Factors affecting the accuracy of EWT

    Cards (16)

    • Eyewitness testimony

      Persuasive but flawed memory recall subjected to interpretation by person reporting it.
    • Loftus and Palmer (1974) - Leading questions
      - Students watched clips of car accidents and were then given questions - one of which was a leading question (different people were given slightly different questions).
      - The verb 'contacted' resulted in a mean estimate speed of 31.8 mph.
      - The verb 'smashed' was 40.5 mph.
    • Leading question

      Questions asked in a way that suggest you have a preferred answer
    • Misleading information
      Supplying information that may lead a witness' memory for a crime to be altered
    • Why do leading questions affect EWT?
      Response-bias explanation
      - Wording of the question doesn't effect the memory but influences how they decide to answer.

      Substitution explanation
      - Wording a leading question changes the participants memory.
      - This was demonstrated as by hearing the word 'smashed' they thought they saw broken glass.
    • Post-event discussion

      A conversation between co-witnesses or an interviewer and an eyewitness after a crime has taken place which may contaminate a witness' memory for the event
    • Gabbert et al (2003) Post-event discussion

      - Each participant watched a video of the same crime, but from different angles
      - Participants then discussed what they had seen, before individually completing a recall test.
      - 71% of participants incorrectly recalled aspects of the event they couldn't have seen.
    • Why does post-event discussion effect EWT?
      Memory contamination
      - When co-witnesses' discuss it with each other, their eyewitness testimonies may become altered or distorted.
      - This is because they combine information from other witnesses with their own memories.

      Memory conformity
      - Witnesses often go along with each other, either to win social approval or because they believe the other witnesses are right and they are wrong.
      - The actual memory is unchanged.
    • Strengths of misleading information research
      Real-world application
      - Leading questions can have such a distorting effect on memory that police officers need to be very careful about how they phrase their questions when interviewing eyewitness.
    • Limitations of misleading information research
      Evidence against substitution
      - Sutherland and Hayne showed participants a video clip.
      - Their recall was more accurate when asked misleading questions.

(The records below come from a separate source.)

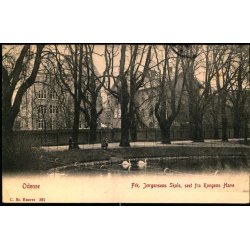 Odense - Frk. J�rgensens Skole, set fra Kongens Have - C. St. 282 - Brugt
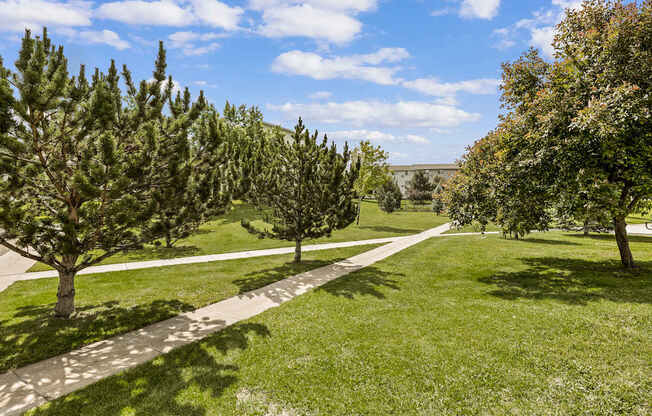 A pathway in a park with trees on both sides.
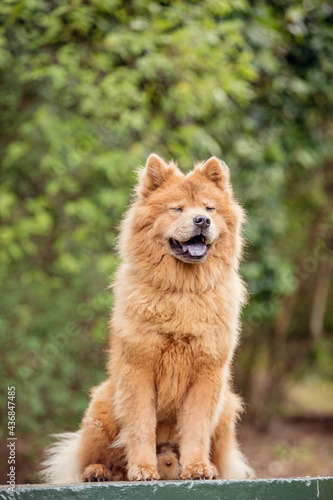 Tan Chow Chow dog in a forest
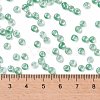6/0 Glass Seed Beads X-SEED-A015-4mm-2218-4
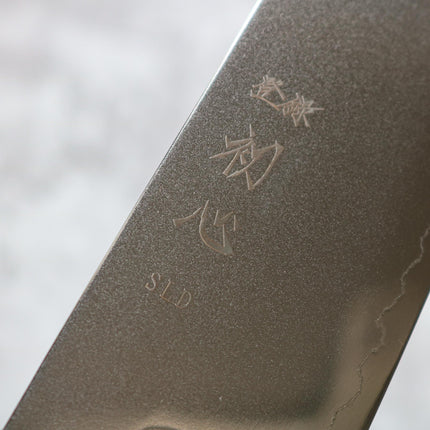 Hatsukokoro Hikari SLD Gyuto 210 mm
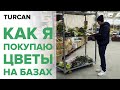 Как и где я покупаю цветы для своих курсов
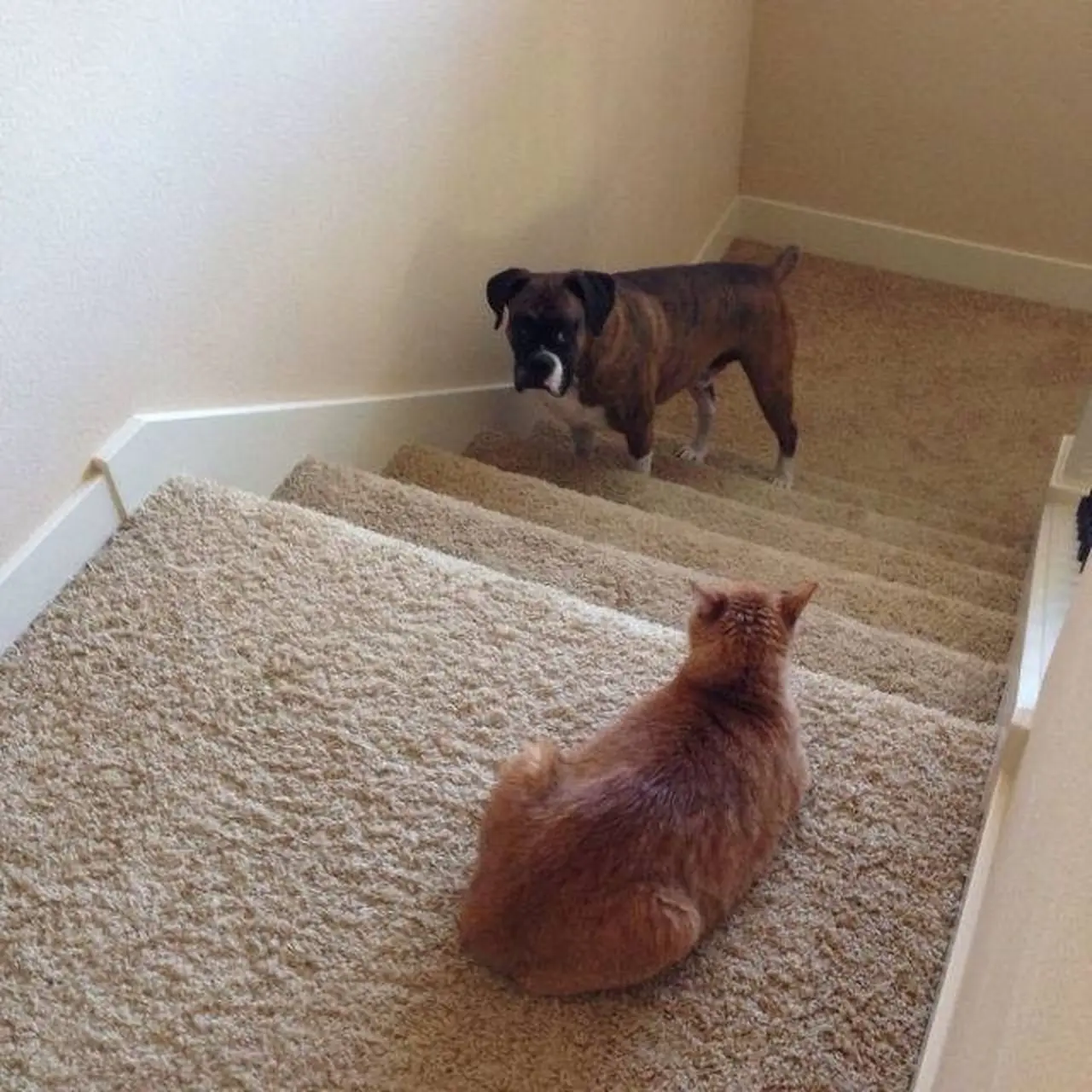 7 Potret Lucu Kucing saat Berkelahi dengan Anjing Ini Kocak - Hot ...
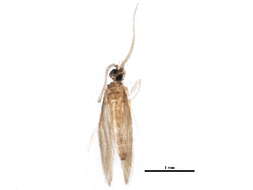 Image of Orthotrichiinae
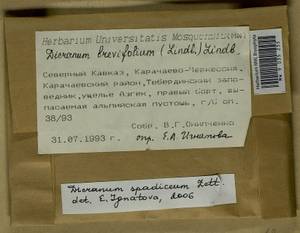 Dicranum spadiceum J.E. Zetterst., Bryophytes, Bryophytes - North Caucasus & Ciscaucasia (B12) (Russia)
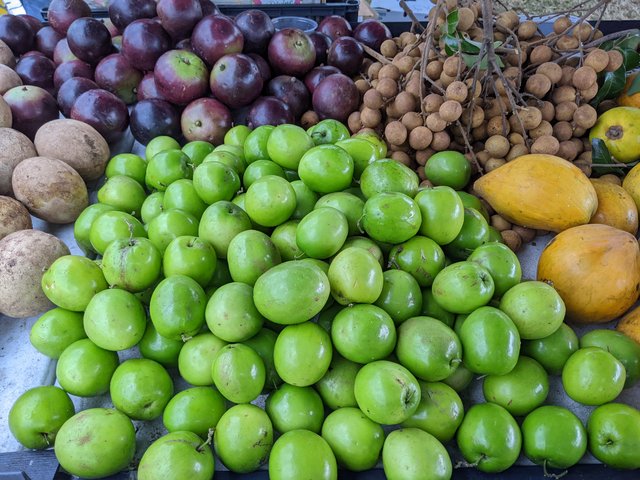 [Image: PXL-20220116-144546439.jpg]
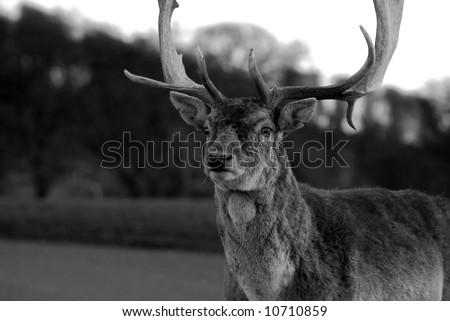 Black and white shot of a powerful male deer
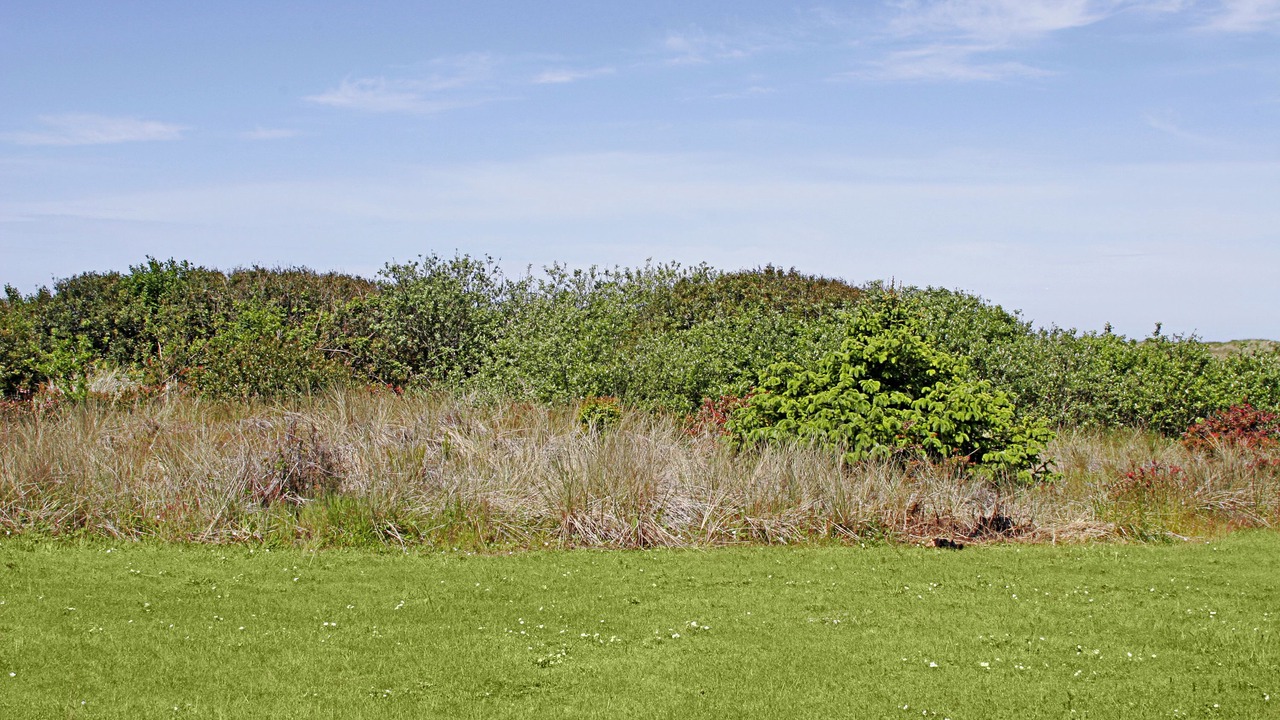 Photo of Outdoor in Ocean Shores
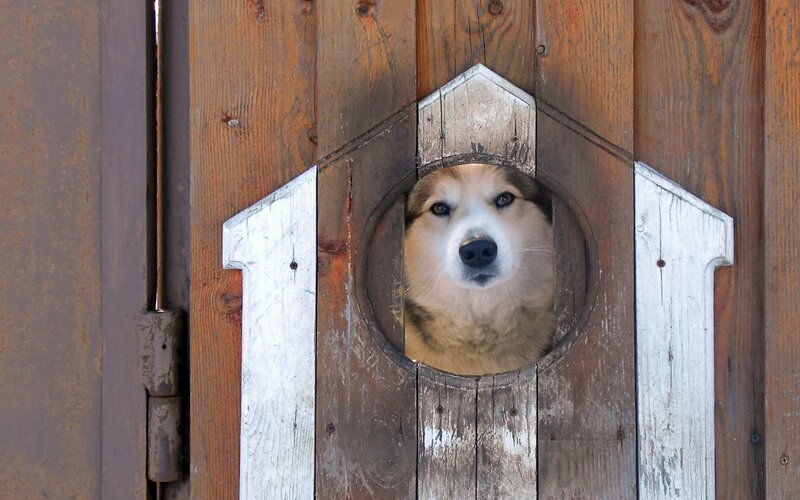 Husky Dog in Wooden Door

      Evidence challenging memory conformity
      - Skagerberg and Wright showed their participants film clips.
      - There were 2 versions.
      - Participants discussed the clips in pairs, each person having seen the other clip.
      - Reported a blend of the 2 clips.
    • Anxiety
      The condition of feeling uneasy or worried about what may happen
    • Johnson and Scott (1976)

      - They led participants to believe they were going to be part of a lab study.
      - While seated in a waiting room participants heard an argument next door.
      - In the 'low anxiety' condition a man walked though the door carrying a greasy pen.
      - In the 'high anxiety' group saw a man with a bloody knife.
      - 49% of the 'low anxiety' group identified the man and 33% of the 'high anxiety' group identified the man.
    • Yuille and Cutshall (1986)

      - 13 witnesses to a real life shooting which involved the owner of a gun store in Canada and an armed thief in which the store owner was wounded and the thief was shot dead were interviewed.
      - Witnesses were at different distances from the shooting when it took place.
      - High levels of stress reported more accurately.
    • Yerkes-Dodson Law

      The principle that performance increases with arousal only up to a point, beyond which performance decreases
    • Limitations of the effect of anxiety
      Unusualness not anxiety
      - Johnson and Scott may not have been testing anxiety.
      - The reason participants focused on the weapon may have been out of surprise not anxiety.
    • Strengths of the effect of anxiety
      Support for negative effects
      - Valentine and Mesout (2009)
      - Visitors to a horror labyrinth divided into low/high anxiety based on a heart monitor.
      - Asked to describe an individual encountered in the labyrinth
      - Low anxiety - high accuracy of EWT, anxiety has a negative effect on recall

      Support for positive effects
      - Christianson and Hubinette (1993)
      - Questioned 110 witnesses who had, in total, witnessed 22 real bank robberies.
      - NOT STAGED.
      - Some were onlookers, others were employees who were directly threatened.
      - Victims were more accurate - could remember even after 15 months.
      People are good at remembering highly stressful events if they actually occur than in controlled conditions.